第7話 終末へ続く物語
時は流れ、アダムは立派な青年になった。家族のように共にあったイヴとも、気づけば恋人同士である。あれからも穏やかな日々が続いたが、アダムには1つの悩みがあった。それはイヴとの、愛する人との子どもが欲しいという気持ちが日々強まっていることだった。
エデンでは、子どもを作ることは禁止され、どうしても子どもが欲しい場合は統一議会が管理している孤児を引き取って育てることになっていた。とはいえ統一議会の主導する避妊手術などの政策のため、いまや生まれてくる〝不幸な〟子どもなどほとんどおらず、待機者のリストはそれなりの長さになっている。
しかしアダムは、ほかの人を押しのけて子どもを引き取り、親になりたいわけではなかった。愛する人と自分の遺伝子を引き継いだ子どもがほしかったのだ。それは生物の本能に近かった。
だがエデンの中心的思想では、その生物のもつ〝野生的で汚らわしい本能〟を〝理性〟で抑えるのが正しく進化したヒューマノイドの姿とされており、彼の願いは否定されるものであった。また仮にその思想を無視したとしても、イヴは既に避妊手術などを生後まもなく受けているはずだから、アダムの願いはやはり叶わないものだ。そのはずだった。

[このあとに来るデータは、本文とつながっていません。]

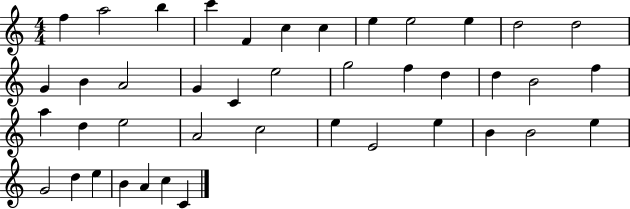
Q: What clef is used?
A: treble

しかしアダムには、イヴと子どもを作る方法があったのだ。彼はかつてサタンから、愛する人と子どもを成すことができる、エデンでは使用を禁止された薬を渡されていたのだ。それを使えば子どもを成せる可能性があることが、さらにアダムを悩ませていた。アダムの理性は言った。

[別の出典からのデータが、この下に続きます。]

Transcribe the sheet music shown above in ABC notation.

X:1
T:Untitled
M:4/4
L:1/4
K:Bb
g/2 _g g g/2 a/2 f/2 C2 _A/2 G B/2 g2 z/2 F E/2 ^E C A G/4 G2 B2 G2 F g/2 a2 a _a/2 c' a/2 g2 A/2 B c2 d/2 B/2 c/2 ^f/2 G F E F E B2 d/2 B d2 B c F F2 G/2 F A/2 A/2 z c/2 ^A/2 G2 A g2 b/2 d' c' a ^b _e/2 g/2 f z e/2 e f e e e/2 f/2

『何を悩んでいるアダム。この世という地獄に愛する人との大切な子を生み出したいのか? お前はやがて子どもより先に死ぬ。お前亡きあと、誰が子どもを守るのだ』
対するようにアダムの本能は言った。
『子どもを欲しいと思うのは間違ったことではありません。それは〝心〟から湧き上がる正しいものです。生まれてくれば辛いこともたくさんあるでしょう。でも、あなたがサタンやイヴと出会ったように、嬉しいこともたくさんあるはずです。たとえあなたが死んでも、あなたが子どもに教えたことは残ります。それがあなたの子どもを守り、導くでしょう』
理性は本能を黙らせようとした。
『いいや違う。この世は苦痛だ。どんな幸福があろうと一滴の苦痛がすべてを台無しにする。子どもを大切だと思うなら、苦痛を与えないことが一番だ』
しかし本能も引き下がらない。
『いいえ。どんな苦痛も愛されたなら乗り越えてゆけます。愛された幸福は、必ず苦痛を上回ります。どうかあなたの子どもに愛される喜びを教えてあげてください』
アダムの中の理性と本能は決して相容れるものではなかった。悩みに悩んだアダムは、とうとうありのままの気持ちをイヴに伝えた。
自分がイヴとの子どもを欲していること。
自分が子どもを作ることができる薬をもっていること。
子どもをこの世界に誕生させることが正しいのか悩んでいること。
イヴはアダムの話を静かに最後まで聴いたあと、ゆっくりと言葉を選ぶように話し出した。
「アダム。辛かったね。たくさん悩んで。自分の子どものために悩めるのは、アダムが優しいからだね。……ねえ、アダム。わたしもたくさんたくさん辛いことがあった。生まれてこないほうがよかったと思うことがあった。でも、今は幸せ。なんでかわかる?」
アダムは小さく首を振った。そうするとイヴは口元に小さな笑みを浮かべた。
「あなたに出逢えたからよ。あなたに出逢えて、わたしは幸せを感じた。だからわたしも……」
ガタン
イヴが話している途中、外から物音がした。アダムが玄関のドアを開けて確認すると、遠くに走り去る人影があった。
「……アダム。今の話を誰かに聞かれたのかな」
「……かもしれない」
2人は厳しい表情で、これから先に起こるかもしれない悲劇を予想した。